Kamis, 20 November 2014

Wisata Kota Tua, Jakarta Barat







Desember 2011,

Liburan akhir tahun di dalam kota, kenapa tidak? Ternyata ada kok beberapa loaksi wisata yang bisa dikunjungi dalam sekali perjalanan, seperti yang saya lakukan bersama anak-anak. 
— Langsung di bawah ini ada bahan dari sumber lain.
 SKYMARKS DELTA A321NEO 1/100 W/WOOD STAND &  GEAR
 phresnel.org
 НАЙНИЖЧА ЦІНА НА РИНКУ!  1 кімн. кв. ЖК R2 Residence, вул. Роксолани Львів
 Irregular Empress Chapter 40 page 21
Setelah sepakat untuk ke Kota Tua karena putri saya yang kecil, Rissa sudah lama ingin berkunjung ke Museum Bank Mandiri, kamipun sepakat untuk menggunakan kendaraan umum. Dari rumah di Cibubur kami mencoba angkutan umum suttle bus  jurusan Blok M dengan membayar Rp 10.000,-/orang. Jadwal suttle bus  (ada beberapa jurusan) ternyata tepat waktu (ada beberapa jadwal), pk 09.30 wib kami memulai petualangan. Berhenti di halte Polda Metro Jaya, kami melalui jembatan penyebrangan yang langsung berhubungan dengan loket busway.  Perjalanan diteruskan dengan menggunakan Busway Trans Jakarta tujuan Kota dengan tariff Rp 3.500,-/orang. 
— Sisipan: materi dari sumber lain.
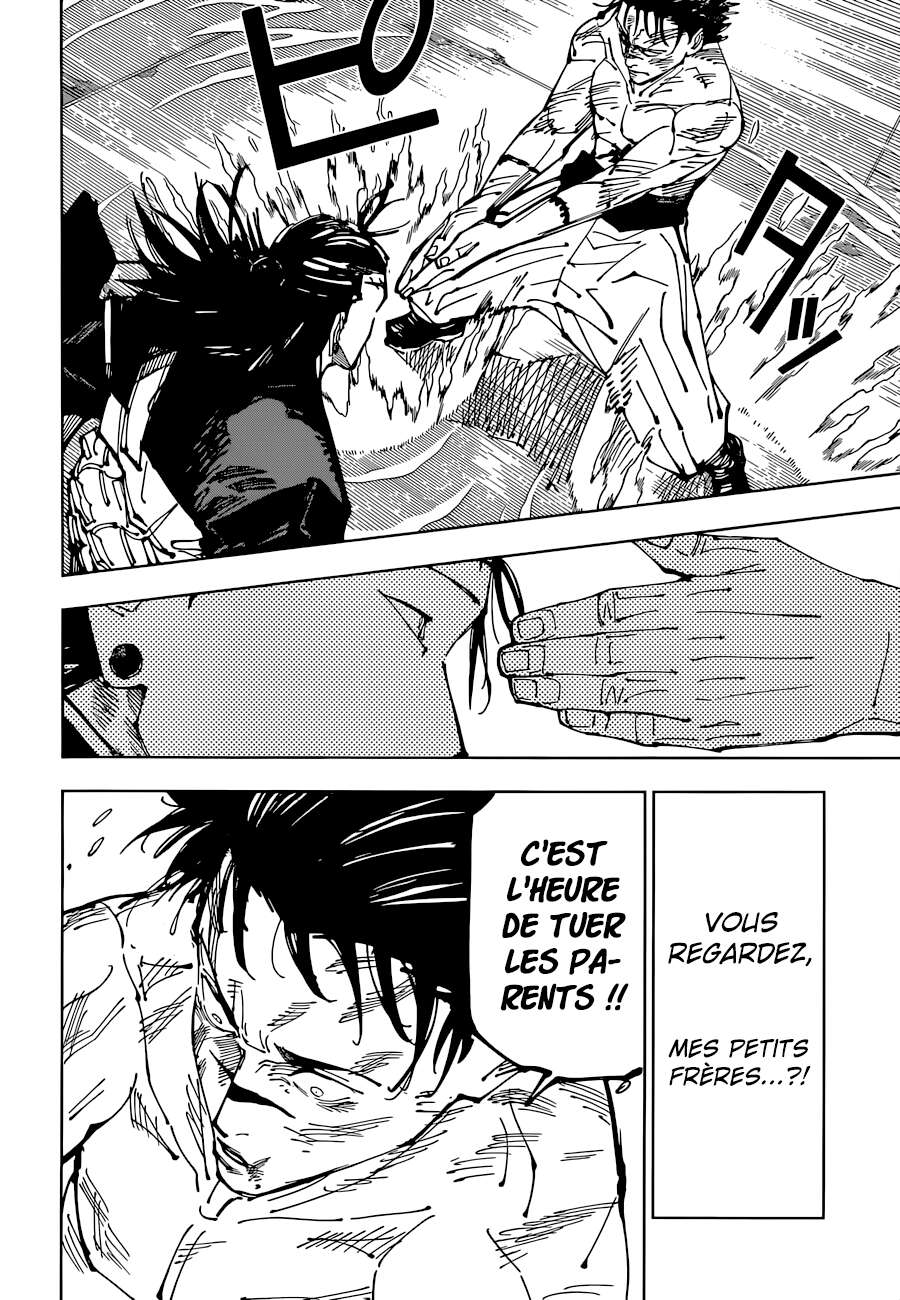 Read Jujutsu Kaisen FRANCAIS Manga Online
Sesampai di pemberhentian akhir halte Kota, kamipun mengikuti jalur penumpang lain melewati underpass. Melewati underpass serasa berada di Singapura, bedanya di negara tetangga underpass nya lebih bersih. Di ujung underpass, langsung kita bertemu Museum Bank Mandiri. Tanpa banyak buang waktu, kamipun menjelajahi museum ini. Koleksi yang ditampilkan Museum Bank Mandiri merupakan rekaman sejarah perkembangan dunia perbankan Indonesia. Barang-barang yang dipamerkan antara lain mesin hitung kuno, komputer dan printer yang berusia beberapa dekade, bahkan dipamerkan pula mesin ATM dari berbagai masa. Puas menjelajahi ruangan di dalam museum Bank Mandiri, kami pun bergegas menuju Museum Bank Indonesia yang letaknya bersebelahan.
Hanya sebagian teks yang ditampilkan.